Por si fuera poco, en nuestro confortable siglo XXI, la razón tiene también que lidiar y perder sus batallas frente al raudal de emociones y sentimientos que anega la vida pública. El progreso técnico ha resuelto los graves problemas existenciales que apremiaban a nuestros antepasados y ha hecho posible el desbordamiento de las emociones fáciles. El buenismo y otros principios emocionales similares son lujos modernos inconcebibles para nuestros abuelos. La izquierda hegemónica los ha adoptado por estrategia; y la derecha inhibida, por el qué dirán.

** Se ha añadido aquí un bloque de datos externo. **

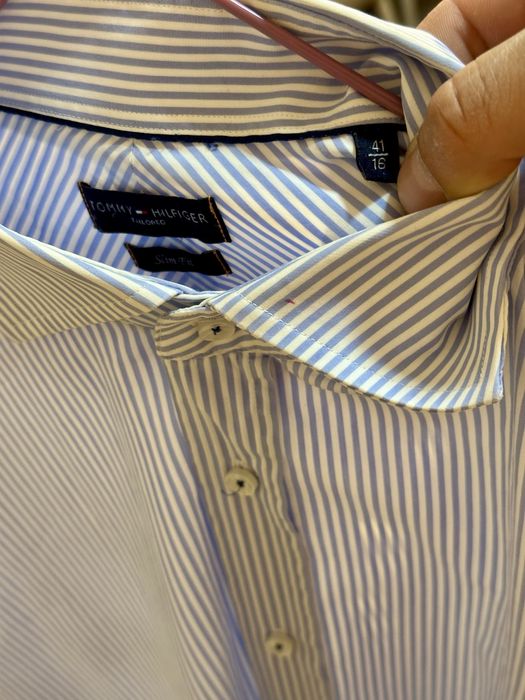 Camasa office Tommy Hilfiger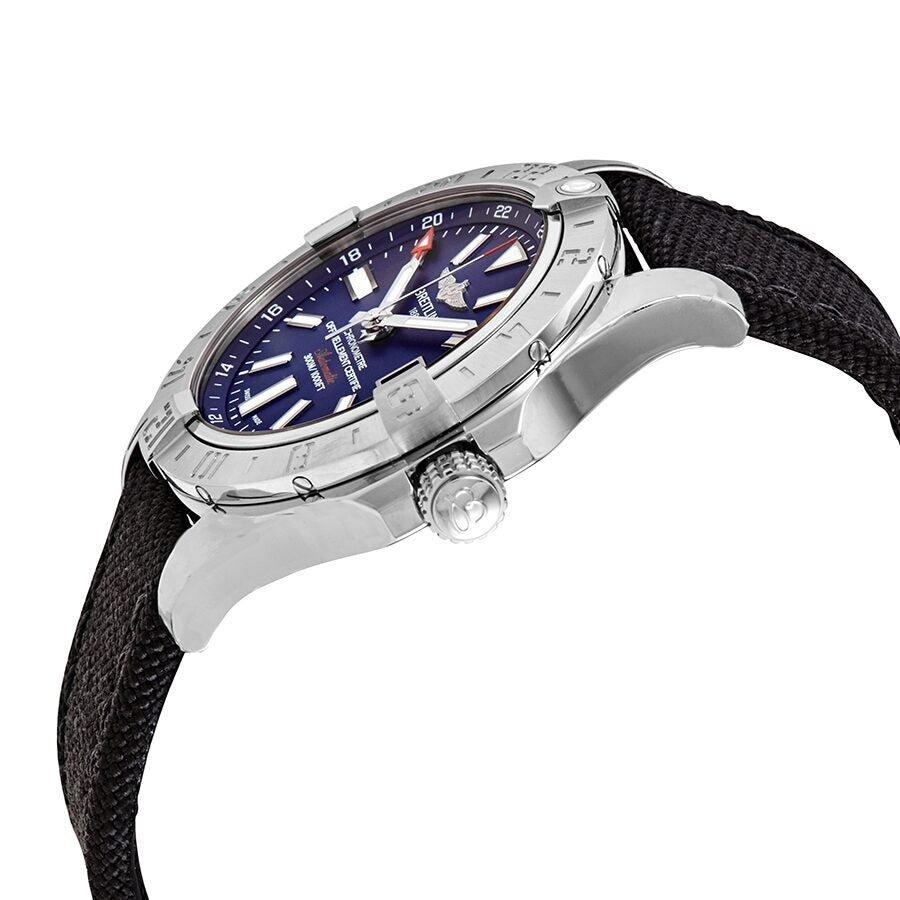 Breitling Avenger A32390111C1W1 Men's Automatic 1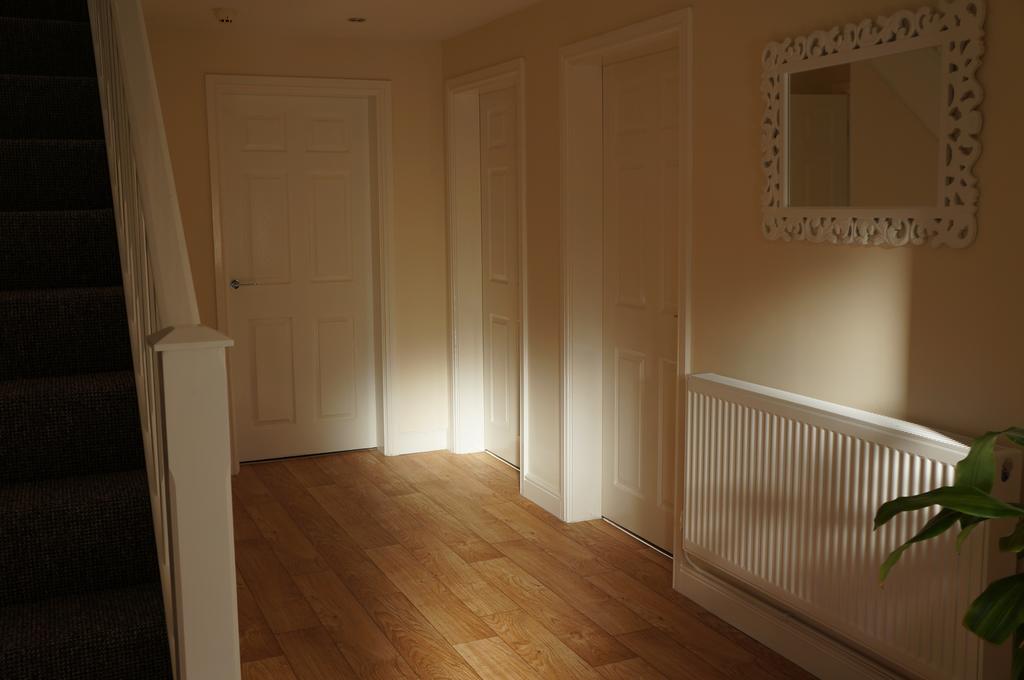 Forest View Holiday Park Burscough 部屋 写真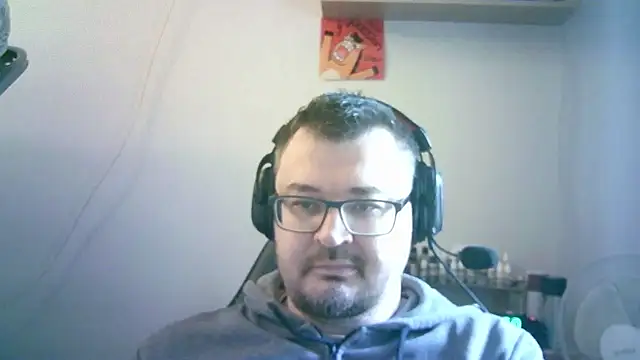 FantastickBombastick online show from 05/31/26, 12:01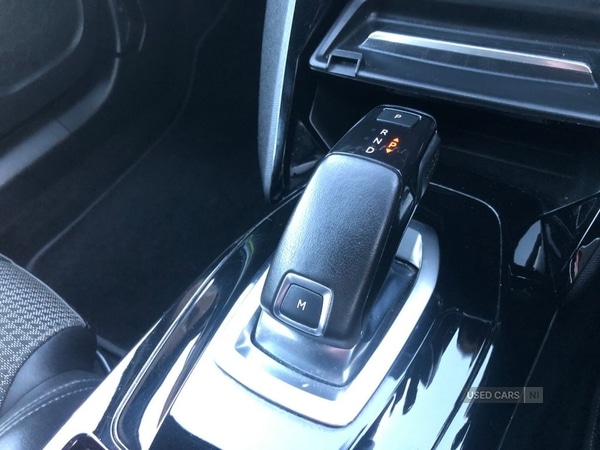 Used Peugeot 2008 2020 for sale - 76716002: Photo 12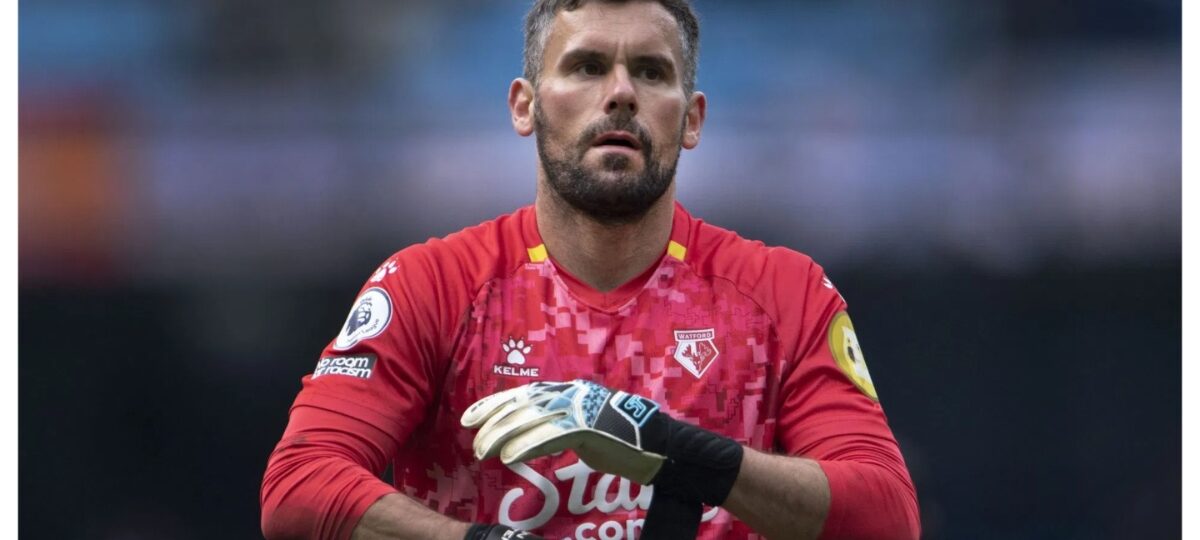 Transfer: ‘I really don’t like this’ – Ben Foster laments as Arsenal allow big, influential star leave Emirates
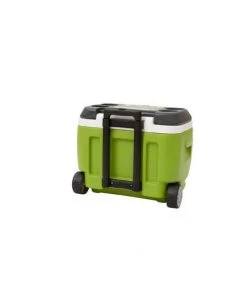 Vango Pinnacle Wheelie 30L Cool Box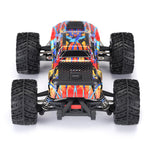 LinkMejor HYPER GO 20208 1/20 2.4G 4WD Brushless High Speed RC Car Vechile Models 39km/h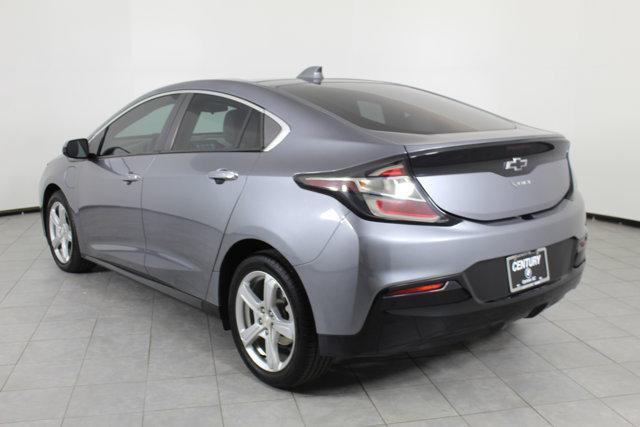 used 2018 Chevrolet Volt car, priced at $13,398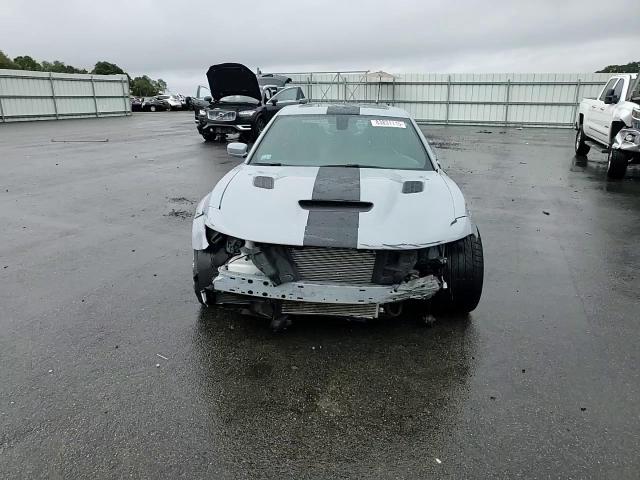 2021 Dodge Charger Srt Hellcat VIN: 2C3CDXL96MH660103 Lot: 83831115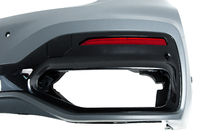 BMW 7-serie G11/G12 2015–2022 Bagkofanger M760-Style (2019-2022) foto 5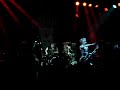 The Creepshow - Fiendforce Fest 2007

Lo malo es que el mecanismo emocional, una vez que se activa, exige satisfacción inmediata y no mide sus consecuencias a largo plazo. Por ejemplo, en el caso de la inmigración ilegal, todas las barreras legales y físicas y todas las previsiones de futuro ceden ante el empuje de la emoción inmediata. El efecto llamada para los casi 1.500 millones de africanos —cifra que habrá aumentado en otros 1.000 millones para 2050— es una valoración racional que no tiene ninguna posibilidad de prosperar frente a la erupción del volcán sentimental. El esquema se reproduce a un nivel más municipal con el fenómeno de los okupas. Por supuesto, esa solidaridad emocional funciona siempre que inmigrantes y okupas ilegales se hallen lo suficientemente lejos de nuestro círculo de confort. Cuanto más lejos estén de nuestro barrio, mayor y más altiva será nuestra exhibición de buenismo. Una cosa es predicar la filantropía y otra que los recién llegados acampen en tu jardín, que tampoco sería mucho pedir.

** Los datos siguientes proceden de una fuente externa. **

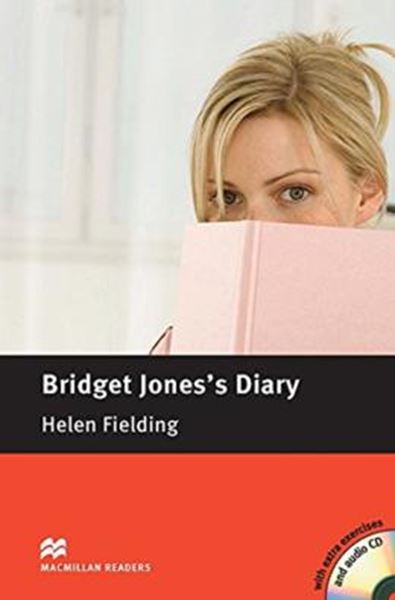 Picture of BRIDGET JONES´S DIARY WITH AUDIO CD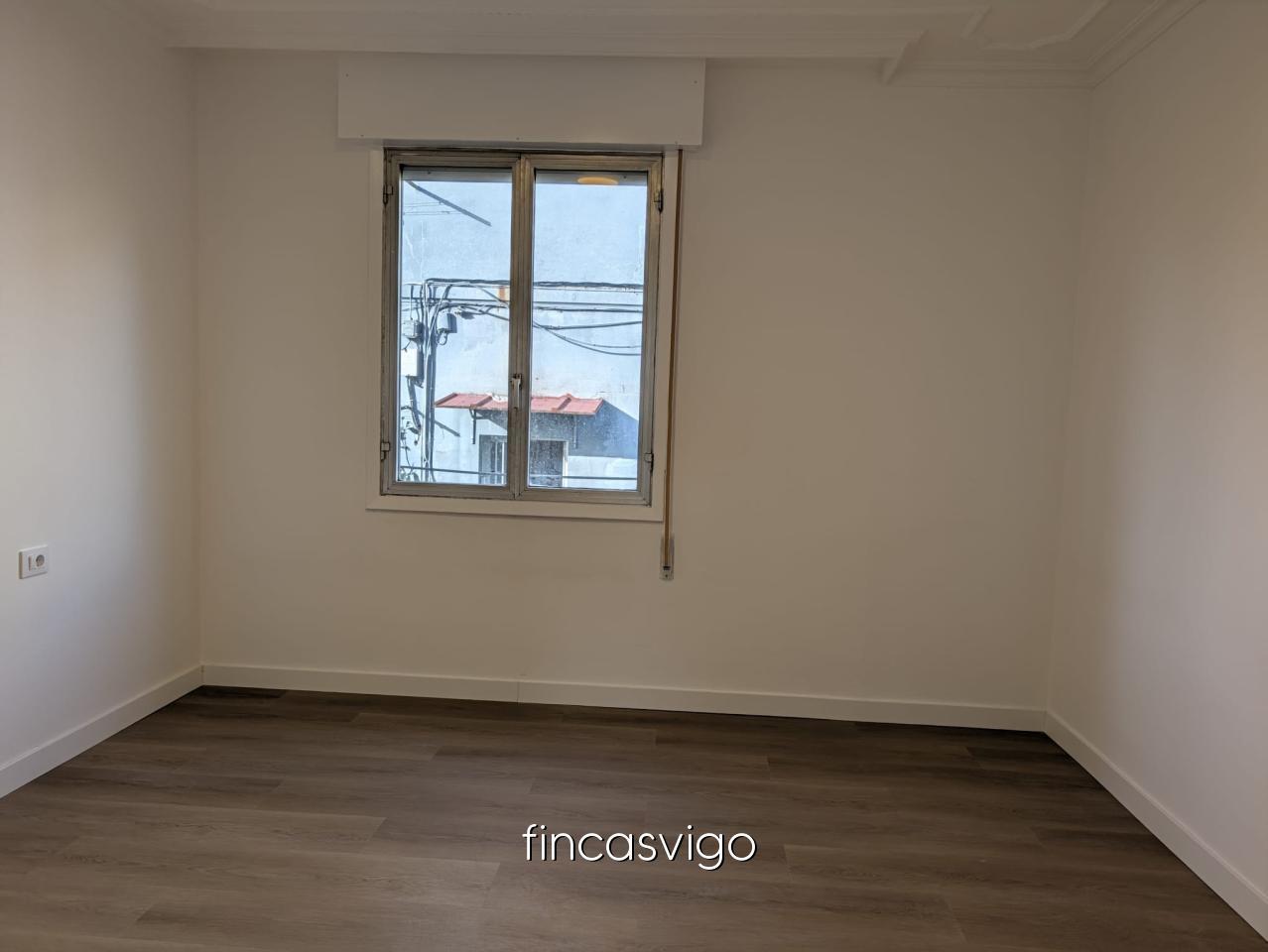 Flat for Sale in Vigo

Por otra parte, la emoción gana cada vez más terreno en la esfera política. Es mucho más fácil y electoralmente rentable hacer política con emociones que con razones. En política, el sentimentalismo es un mecanismo primitivo y excluyente: o eres uno de los nuestros, amigo fiel y buena gente, o conspiras con los otros, gentuza ruin y lo peor de lo peor. A los amados líderes les resulta mucho más fácil activar esas emociones antagónicas y recurrir a la "futbolización de la política" que entrar en debates técnicos para los que no están preparados. Nosotros somos los buenos; no como ellos, que son canalla. Lo que antes era lucha de clases ahora es lucha de frases. Al final llegamos a la misma conclusión de siempre: aunque no todos los políticos son iguales ni todos exhiben el mismo nivel de demagogia, tenemos los políticos que nos merecemos. Ellos hacen su trabajo, que es ganar elecciones. De nosotros depende que las ganen por su eficiencia como gestores o porque azuzan a la hinchada y no se cansan de repetir las bellas falacias que nos gusta tanto oír.